Flashback
Today is Saturday, Aug. 20, the 232nd day of 2005. There are 133 days left in the year.
Today’s Highlight in History: On Aug. 20, 1968, the Soviet Union and other Warsaw Pact nations began invading Czechoslovakia to crush the “Prague Spring” liberalization drive of Alexander Dubcek’s regime.
Ten years ago: In northern India, 348 people were killed when a passenger train rammed another that had stopped on the tracks after hitting a cow. The remnants of an American peace delegation headed home from Bosnia-Herzegovina with the bodies of three diplomats killed in an accident.
Five years ago: Verizon Communications and unions representing 50,000 workers reached a tentative agreement on a new three-year-contract as a two-week strike neared an end. Tiger Woods won the PGA Championship in a playoff over Bob May, becoming the first player since Ben Hogan in 1953 to win three majors in one year.
One year ago: Democrats labored to deflect attacks on John Kerry’s war record with fresh television ads touting his fitness for national command.

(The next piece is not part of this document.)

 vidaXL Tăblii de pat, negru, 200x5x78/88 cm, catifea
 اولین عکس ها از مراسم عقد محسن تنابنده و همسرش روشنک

In Athens, Michael Phelps matched Mark Spitz’s record of four individual gold medals in the Olympic pool with a stirring comeback in the 100-meter butterfly, then removed himself from further competition.
On this date:
In 1833, Benjamin Harrison, the 23rd president of the United States, was born in North Bend, Ohio.
In 1866, President Andrew Johnson formally declared the Civil War over, months after the fighting had stopped.
In 1914, German forces occupied Brussels, Belgium, during World War I.
In 1918, Britain opened its offensive on the Western front during World War I.
In 1940, British Prime Minister Winston Churchill paid tribute to the Royal Air Force, saying, “Never in the field of human conflict was so much owed by so many to so few.”
In 1953, the Soviet Union publicly acknowledged it had tested a hydrogen bomb.
In 1955, hundreds of people were killed in anti-French rioting in Morocco and Algeria.
In 1964, President Johnson signed a nearly $1 billion anti-poverty measure.
In 1977, the U.S. launched Voyager II, an unmanned spacecraft carrying a 12-inch copper phonograph record containing greetings in dozens of languages, samples of music and sounds of nature.
In 1994, Benjamin Chavis Jr. was fired as head of the NAACP after a turbulent 16-month tenure.